EXCERPTED DATA:
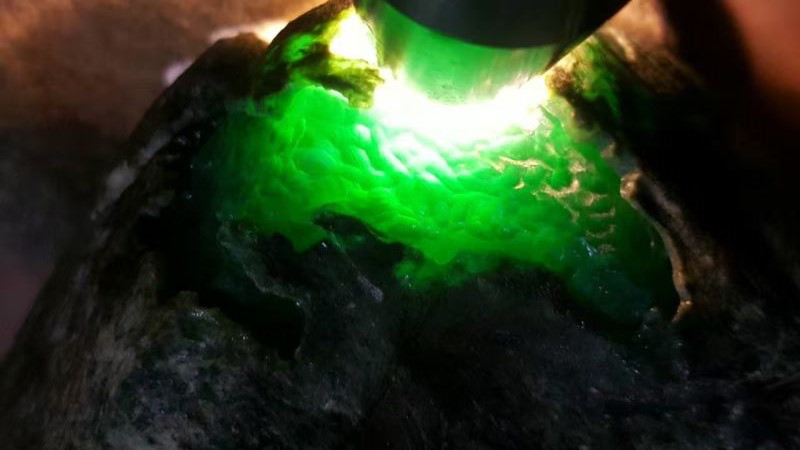 为什么现在直播间封禁翡翠原石呢?原来翡翠睹石的风险这么大!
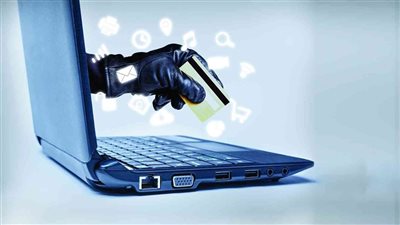 أخطار تلقى العلاج من صفحات الانترنت المجهولة.. احذر المحتوى العشوائي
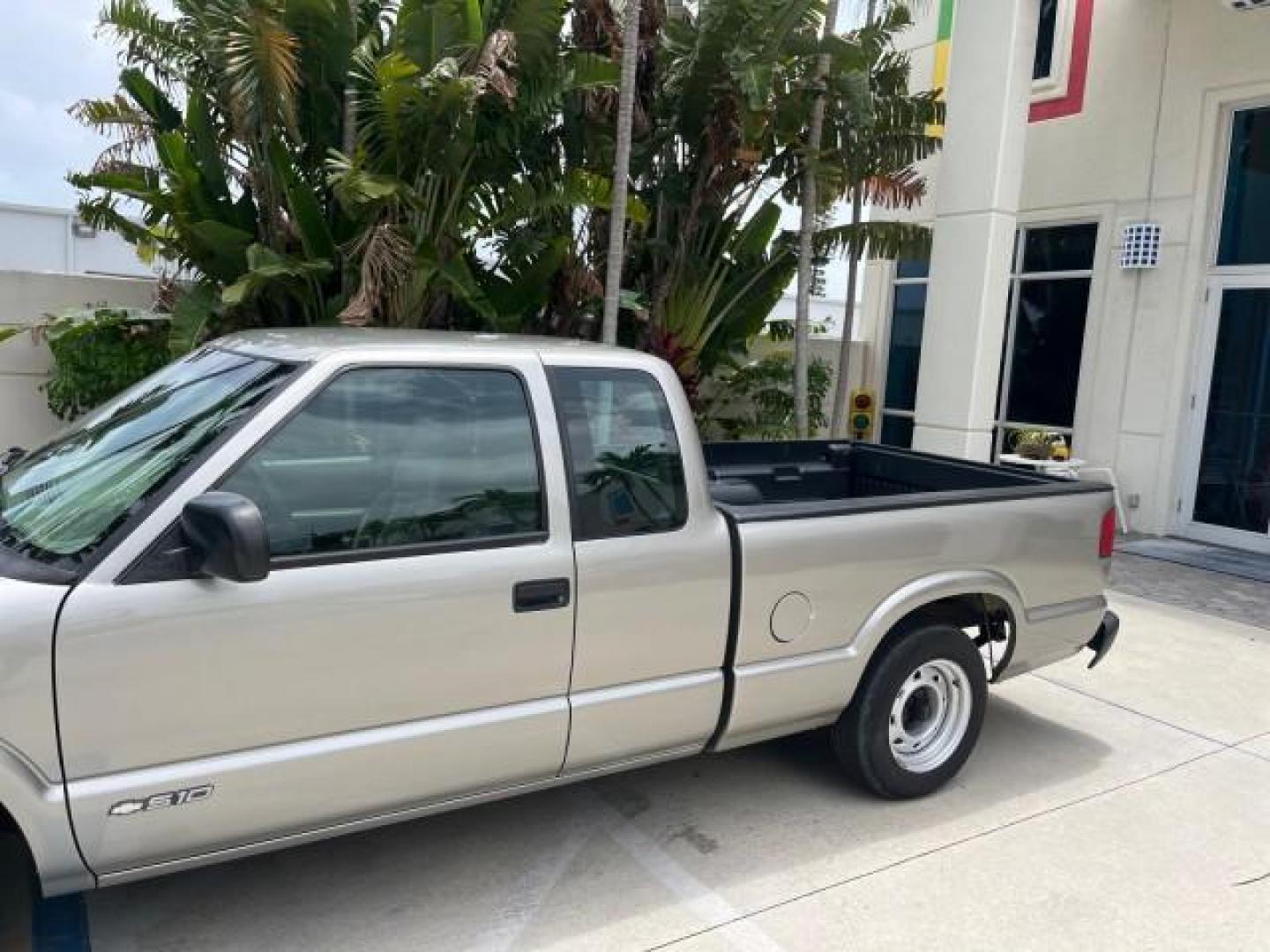 2002 Sandalwood Metallic /Medium Gray Chevrolet S-10 x cab LOW MILES 86,190 (1GCCS19W428) with an 4.3L Vortec 1000 SFI V6 Engine engine, Automatic transmission, located at 4701 North Dixie Hwy, Pompano Beach, FL, 33064, (954) 422-2889, 26.240938, -80.123474 - OUR WEBPAGE FLORIDACARS1.COM HAS OVER 100 PHOTOS AND FREE CARFAX LINK 2002 CHEVROLET S-10 ROAD READY 4.3L V6 VIN: 1GCCS19W428162948 NO ACCIDENTS 3 DOOR EXTENDED CAB PICKUP NO RECALLS 4.3L V6 F OHV 12V LOW MILES 86,190 GASOLINE 6.1 FT BED REAR WHEEL DRIVE WORK READY 6.1' Bed Length Anti-Theft System - Photo#67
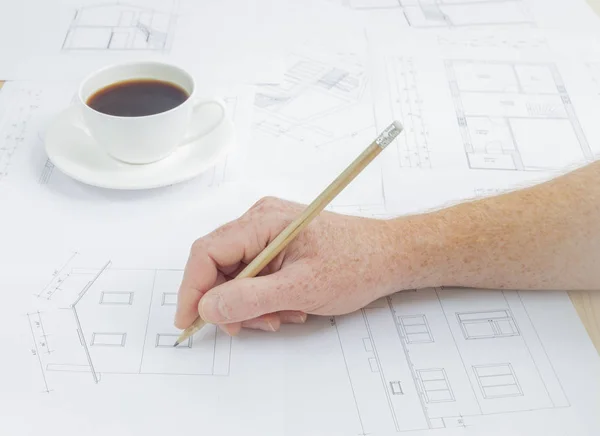 Architektonische Hintergründe. Menschliche Hand mit Bleistift über Baupläne mit Projektskizzen — Stockfoto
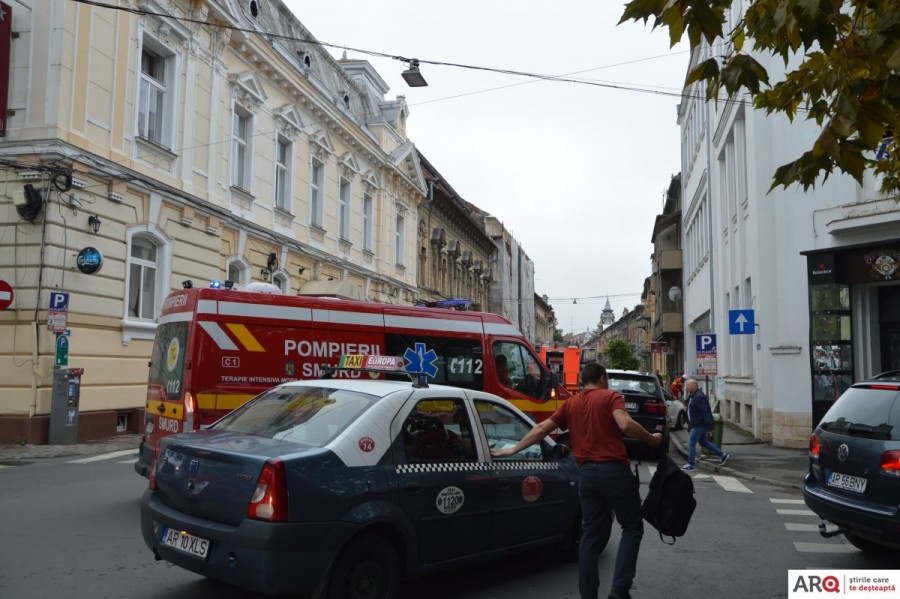 Trafic blocat pe Bulevardul Decebal colț cu 1 Decembrie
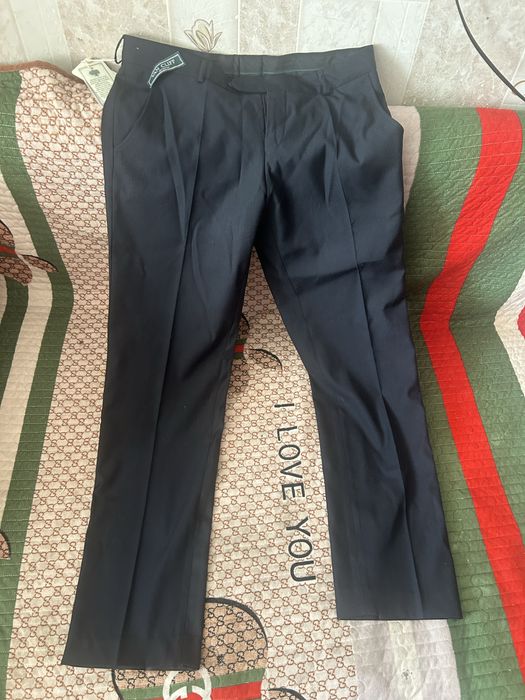 Продам брюки школьные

EXERCISE INSTRUCTIONS: Set down exactly and only the lines from the start of the entries above through the line containing "أخطار تلقى العلاج", both ends included, omitting the pictures.

PROBLEM SOLUTION:
 为什么现在直播间封禁翡翠原石呢?原来翡翠睹石的风险这么大!
 أخطار تلقى العلاج من صفحات الانترنت المجهولة.. احذر المحتوى العشوائي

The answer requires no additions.